Dataset:
──────────────────────────────

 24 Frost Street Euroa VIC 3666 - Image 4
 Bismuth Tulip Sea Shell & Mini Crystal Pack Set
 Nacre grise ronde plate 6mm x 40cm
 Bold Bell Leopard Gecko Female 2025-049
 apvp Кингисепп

──────────────────────────────

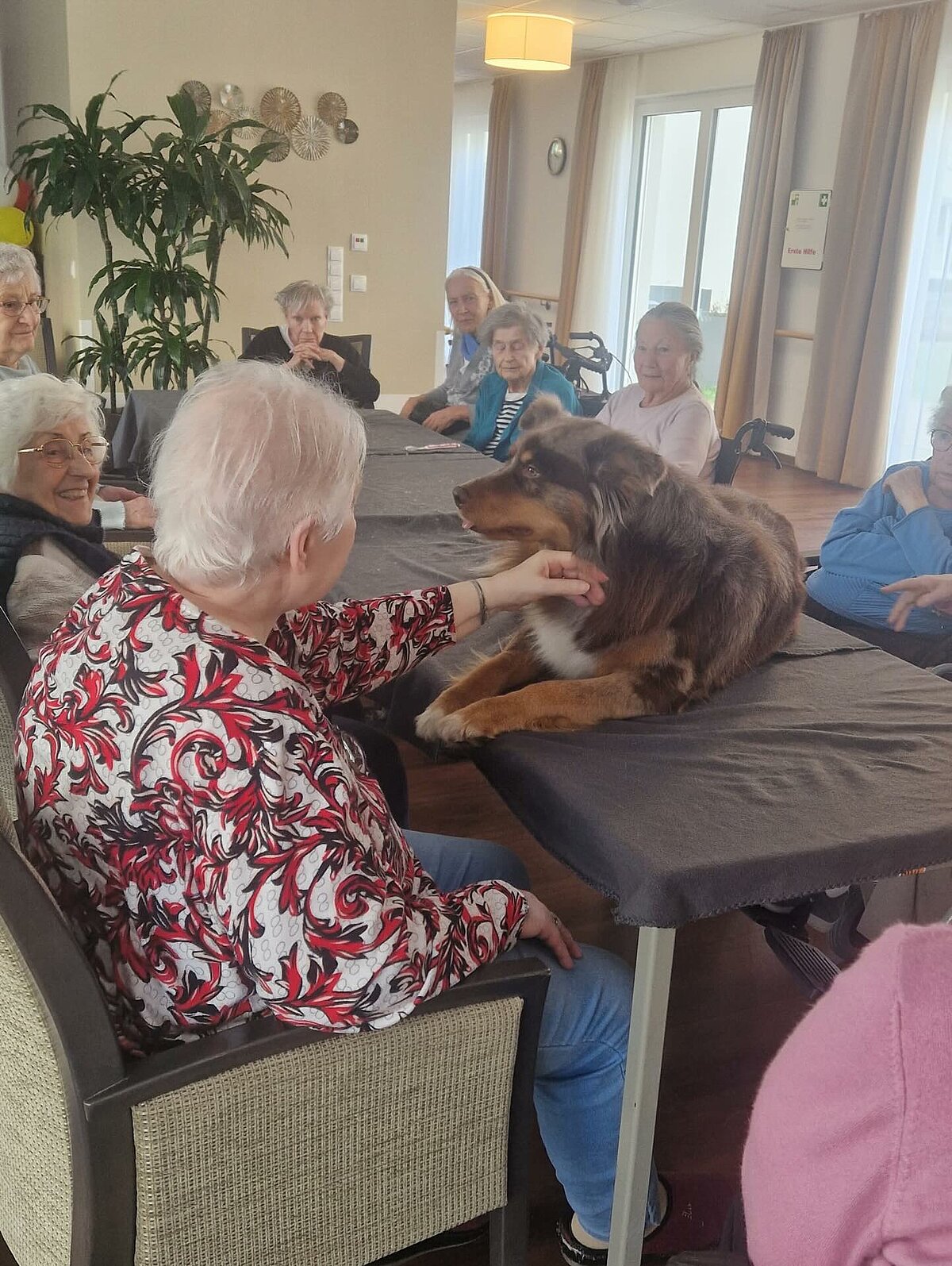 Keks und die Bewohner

──────────────────────────────

What the task asks: Everything above from the line containing "Bold Bell Leopard Gecko Female 2025-049" down to the line containing "apvp Кингисепп" should be copied exactly, both end lines included, and nothing else.

Response box:
 Bold Bell Leopard Gecko Female 2025-049
 apvp Кингисепп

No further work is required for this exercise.